Mustafa Kemal ATATÜRK’ün Muhteşem Dehası
“…Rüştiyede en çok matematiğe merak sardım. Az zamanda bize bu dersi veren öğretmen kadar belki de daha fazla bilgi edindim. Derslerin üstündeki sorularla uğraşıyordum, yazılı soruları düzenliyordum.
Matematik öğretmeni de yazılı olarak cevap veriyordu. Öğretmenimin ismi Mustafa idi. Bir gün bana dedi ki:
– Oğlum senin de ismin Mustafa benim de. Bu böyle olmayacak, arada bir fark bulunmalı.
Bundan sonra adın Mustafa Kemal olsun.
O zamandan beri ismim gerçekten Mustafa Kemal oldu…”
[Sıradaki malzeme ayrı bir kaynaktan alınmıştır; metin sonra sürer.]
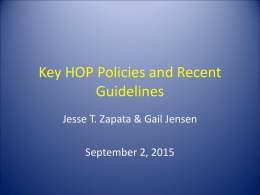 Key HOP Policies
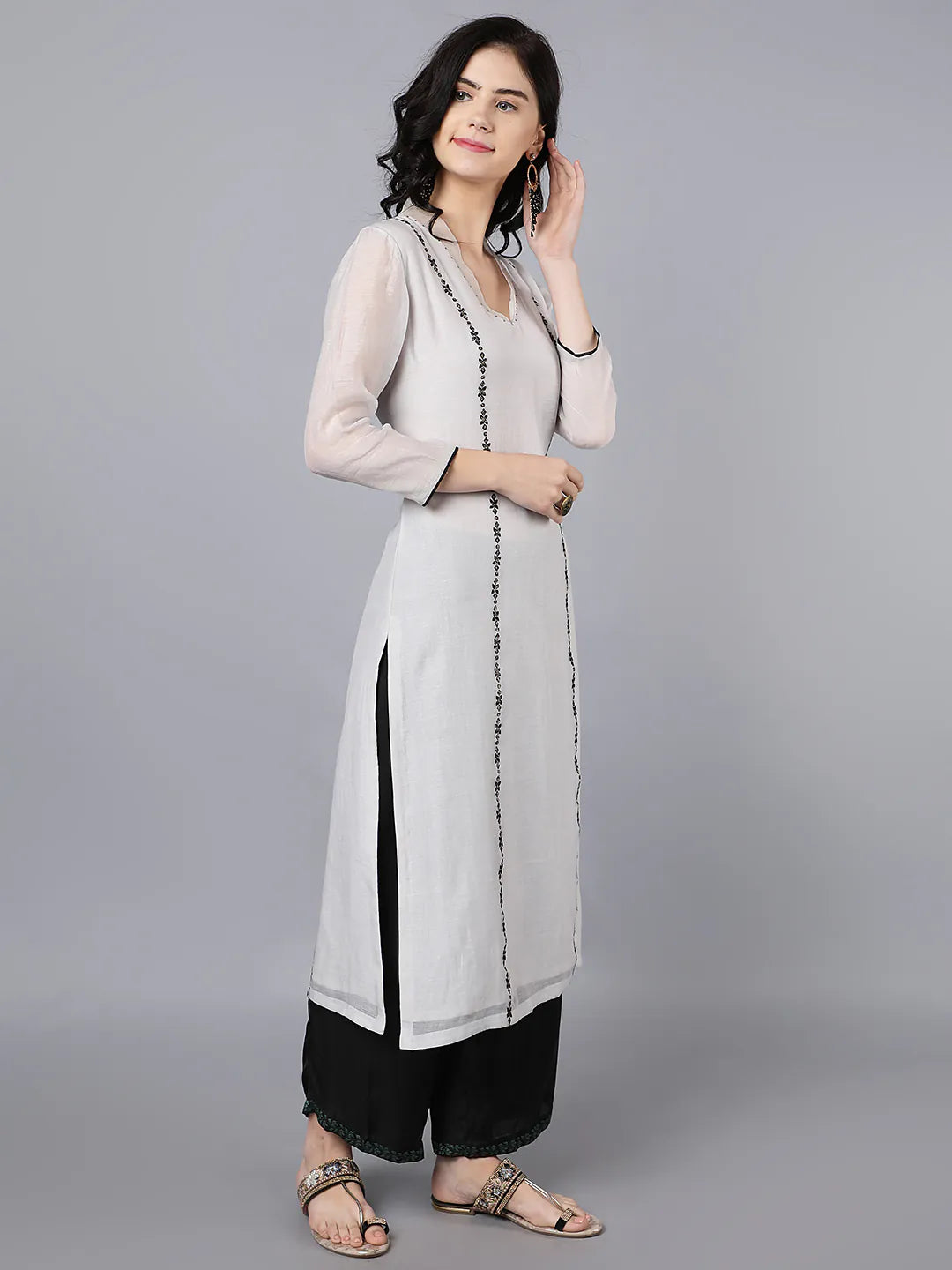 Chanderi kurta with resham and badla embroidery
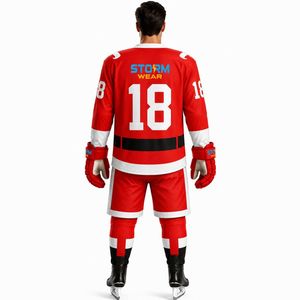 ผู้ผลิตเสื้อฮอกกี้น้ำแข็งแบบ OEM รับผลิตชุดทีมตามสั่ง ชุดสโมสร แบบ Sublimation แบรนด์ส่วนตัว ODM ผลิตชุดฮอกกี้น้ำแข็งจำนวนมาก - Product Image 3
Atatürk’ün yaşamında matematiğin önemi Atatürk ile ilgili en bilinen hatıratlardan biri olan bu olayla sınırlı değildir. Atatürk yazdığı geometri kitabında günümüzde de kullanılmakta olan geometri terimlerini türetmiştir. Ömer L. Örnekol’un anlattığı başka bir hatırat şöyledir:
“Atatürk, Sivas Kongresi’nin toplandığı Sivas Lisesine, lise müdürü ve matematik öğretmeni Ömer Beygo ve başyardımcısı felsefe öğretmeni Faik Dranaz ve öteki ilgililerle geldi. Burada önce, 4 Eylül 1919’da tarihî kongrenin toplandığı kongre salonunu ve özel odasını gezdi ve o günkü dekoru aynen korunan bu oda ve salonda o güne ait hatıralarını anlattı. Sonra topluluk hâlinde lisenin 9/A sınıfında programdaki hendese (geometri) dersine girdi. Bu derste bir kız öğrenciyi tahtaya kaldırdı.
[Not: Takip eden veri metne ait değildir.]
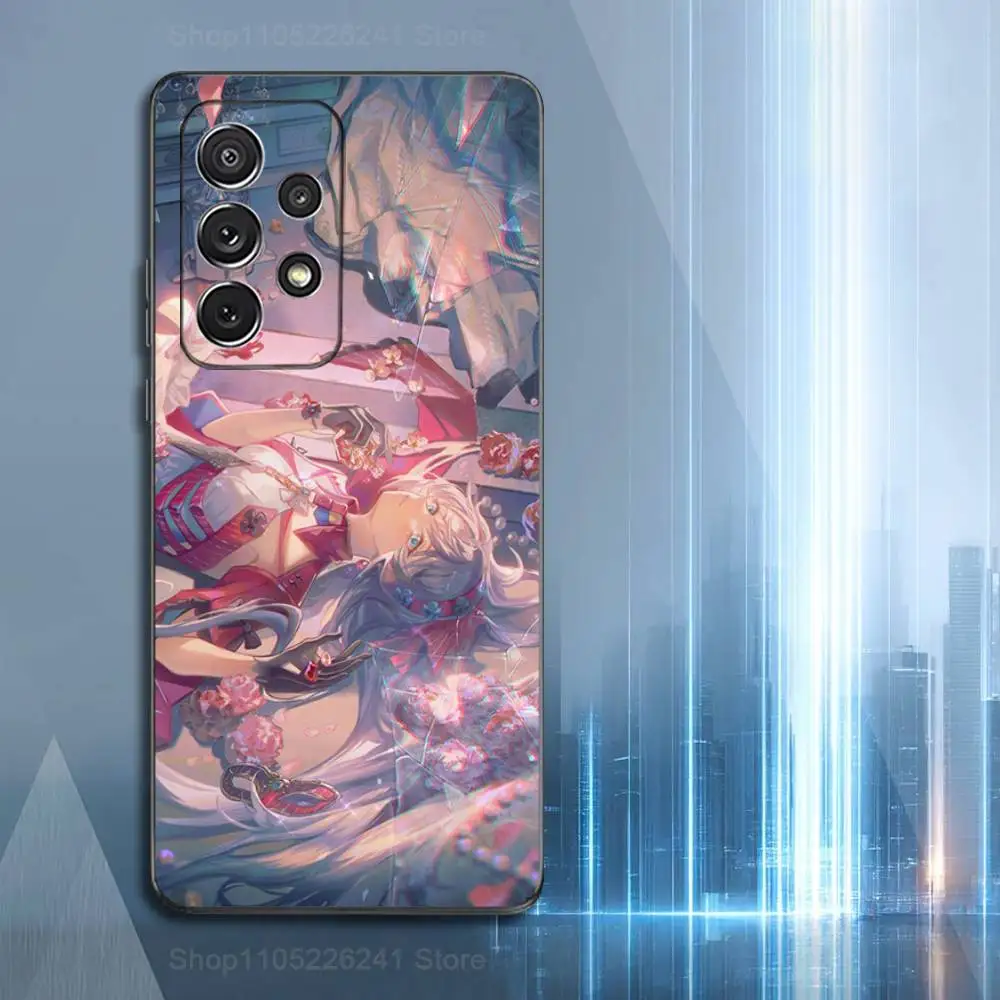 C-Carlotta Wuwa Lucu untuk Samsung S9,S10,S20,S10,S21,S25,S24,S23,Ultra,FE,Plus,Lite, Casing Hitam Silikon Lembut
Öğrenci tahtada çizdiği koşut iki çizginin başka iki koşut çizginin kesişmesinden oluşan açıların Arapça adlarını söylemekte zorluk çekiyor ve yanlışlıklar yapıyordu. Bu durumdan etkilenen Atatürk “Bu anlaşılmaz Arapça terimlerle öğrencilere bilgi verilemez. Dersler, Türkçe yeni terimlerle anlatılmalıdır.” dedi ve tebeşiri eline alıp tahtada çizimlerle “zaviye”nin karşılığı olarak “açı”, “dılı” nın karşılığı olarak “kenar”, “müselles”in karşılığı olarak da “üçgen” gibi Türkçe yeni terimler kullanarak birtakım Geometri konularını ve bu arada Pythagoras (Pisagor) teoremini anlattı.”